→ Problem description: Return every entry exactly as it is written in the listing.

"""

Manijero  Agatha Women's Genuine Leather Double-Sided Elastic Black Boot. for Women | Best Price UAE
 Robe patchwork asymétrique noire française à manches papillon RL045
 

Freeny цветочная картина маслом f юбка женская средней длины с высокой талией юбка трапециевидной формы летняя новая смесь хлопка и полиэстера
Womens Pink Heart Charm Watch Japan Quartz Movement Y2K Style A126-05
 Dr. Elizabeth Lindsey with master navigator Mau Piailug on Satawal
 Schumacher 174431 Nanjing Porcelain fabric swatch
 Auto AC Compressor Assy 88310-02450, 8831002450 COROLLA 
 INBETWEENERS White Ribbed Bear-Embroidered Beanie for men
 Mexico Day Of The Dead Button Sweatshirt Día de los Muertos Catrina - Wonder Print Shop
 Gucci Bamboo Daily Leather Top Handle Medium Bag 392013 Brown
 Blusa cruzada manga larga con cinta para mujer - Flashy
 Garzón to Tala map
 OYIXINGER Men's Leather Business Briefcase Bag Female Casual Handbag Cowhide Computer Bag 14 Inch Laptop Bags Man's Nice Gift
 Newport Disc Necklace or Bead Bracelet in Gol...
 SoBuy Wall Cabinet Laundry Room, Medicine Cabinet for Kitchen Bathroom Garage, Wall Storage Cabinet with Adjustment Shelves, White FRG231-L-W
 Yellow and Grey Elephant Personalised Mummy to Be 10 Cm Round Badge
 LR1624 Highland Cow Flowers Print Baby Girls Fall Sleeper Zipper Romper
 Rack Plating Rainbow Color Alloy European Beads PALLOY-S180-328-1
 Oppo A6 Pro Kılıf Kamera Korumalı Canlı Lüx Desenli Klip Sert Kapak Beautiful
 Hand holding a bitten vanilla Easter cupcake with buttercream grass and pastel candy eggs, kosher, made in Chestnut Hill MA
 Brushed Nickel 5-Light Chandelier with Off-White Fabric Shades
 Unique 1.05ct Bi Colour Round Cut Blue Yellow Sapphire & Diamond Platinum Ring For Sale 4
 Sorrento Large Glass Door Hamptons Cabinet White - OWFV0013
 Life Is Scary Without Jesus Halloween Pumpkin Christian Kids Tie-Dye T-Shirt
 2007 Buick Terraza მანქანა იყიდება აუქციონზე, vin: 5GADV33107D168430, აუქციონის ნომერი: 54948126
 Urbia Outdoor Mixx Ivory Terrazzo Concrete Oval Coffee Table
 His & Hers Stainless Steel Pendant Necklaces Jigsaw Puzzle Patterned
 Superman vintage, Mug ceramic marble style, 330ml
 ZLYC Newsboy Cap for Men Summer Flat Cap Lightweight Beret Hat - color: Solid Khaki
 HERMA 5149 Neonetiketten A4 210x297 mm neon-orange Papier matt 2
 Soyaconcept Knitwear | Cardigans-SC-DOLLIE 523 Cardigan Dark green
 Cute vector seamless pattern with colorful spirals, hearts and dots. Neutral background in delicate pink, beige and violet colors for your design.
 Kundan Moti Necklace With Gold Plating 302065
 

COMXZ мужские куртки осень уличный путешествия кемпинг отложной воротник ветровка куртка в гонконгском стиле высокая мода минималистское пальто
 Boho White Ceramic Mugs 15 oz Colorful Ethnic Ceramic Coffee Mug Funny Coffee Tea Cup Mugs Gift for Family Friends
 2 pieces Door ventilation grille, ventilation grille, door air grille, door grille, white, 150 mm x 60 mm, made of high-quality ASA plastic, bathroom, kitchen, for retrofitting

"""

→ Your response:
Manijero  Agatha Women's Genuine Leather Double-Sided Elastic Black Boot. for Women | Best Price UAE
 Robe patchwork asymétrique noire française à manches papillon RL045
 

Freeny цветочная картина маслом f юбка женская средней длины с высокой талией юбка трапециевидной формы летняя новая смесь хлопка и полиэстера
Womens Pink Heart Charm Watch Japan Quartz Movement Y2K Style A126-05
 Dr. Elizabeth Lindsey with master navigator Mau Piailug on Satawal
 Schumacher 174431 Nanjing Porcelain fabric swatch
 Auto AC Compressor Assy 88310-02450, 8831002450 COROLLA 
 INBETWEENERS White Ribbed Bear-Embroidered Beanie for men
 Mexico Day Of The Dead Button Sweatshirt Día de los Muertos Catrina - Wonder Print Shop
 Gucci Bamboo Daily Leather Top Handle Medium Bag 392013 Brown
 Blusa cruzada manga larga con cinta para mujer - Flashy
 Garzón to Tala map
 OYIXINGER Men's Leather Business Briefcase Bag Female Casual Handbag Cowhide Computer Bag 14 Inch Laptop Bags Man's Nice Gift
 Newport Disc Necklace or Bead Bracelet in Gol...
 SoBuy Wall Cabinet Laundry Room, Medicine Cabinet for Kitchen Bathroom Garage, Wall Storage Cabinet with Adjustment Shelves, White FRG231-L-W
 Yellow and Grey Elephant Personalised Mummy to Be 10 Cm Round Badge
 LR1624 Highland Cow Flowers Print Baby Girls Fall Sleeper Zipper Romper
 Rack Plating Rainbow Color Alloy European Beads PALLOY-S180-328-1
 Oppo A6 Pro Kılıf Kamera Korumalı Canlı Lüx Desenli Klip Sert Kapak Beautiful
 Hand holding a bitten vanilla Easter cupcake with buttercream grass and pastel candy eggs, kosher, made in Chestnut Hill MA
 Brushed Nickel 5-Light Chandelier with Off-White Fabric Shades
 Unique 1.05ct Bi Colour Round Cut Blue Yellow Sapphire & Diamond Platinum Ring For Sale 4
 Sorrento Large Glass Door Hamptons Cabinet White - OWFV0013
 Life Is Scary Without Jesus Halloween Pumpkin Christian Kids Tie-Dye T-Shirt
 2007 Buick Terraza მანქანა იყიდება აუქციონზე, vin: 5GADV33107D168430, აუქციონის ნომერი: 54948126
 Urbia Outdoor Mixx Ivory Terrazzo Concrete Oval Coffee Table
 His & Hers Stainless Steel Pendant Necklaces Jigsaw Puzzle Patterned
 Superman vintage, Mug ceramic marble style, 330ml
 ZLYC Newsboy Cap for Men Summer Flat Cap Lightweight Beret Hat - color: Solid Khaki
 HERMA 5149 Neonetiketten A4 210x297 mm neon-orange Papier matt 2
 Soyaconcept Knitwear | Cardigans-SC-DOLLIE 523 Cardigan Dark green
 Cute vector seamless pattern with colorful spirals, hearts and dots. Neutral background in delicate pink, beige and violet colors for your design.
 Kundan Moti Necklace With Gold Plating 302065
 

COMXZ мужские куртки осень уличный путешествия кемпинг отложной воротник ветровка куртка в гонконгском стиле высокая мода минималистское пальто
 Boho White Ceramic Mugs 15 oz Colorful Ethnic Ceramic Coffee Mug Funny Coffee Tea Cup Mugs Gift for Family Friends
 2 pieces Door ventilation grille, ventilation grille, door air grille, door grille, white, 150 mm x 60 mm, made of high-quality ASA plastic, bathroom, kitchen, for retrofitting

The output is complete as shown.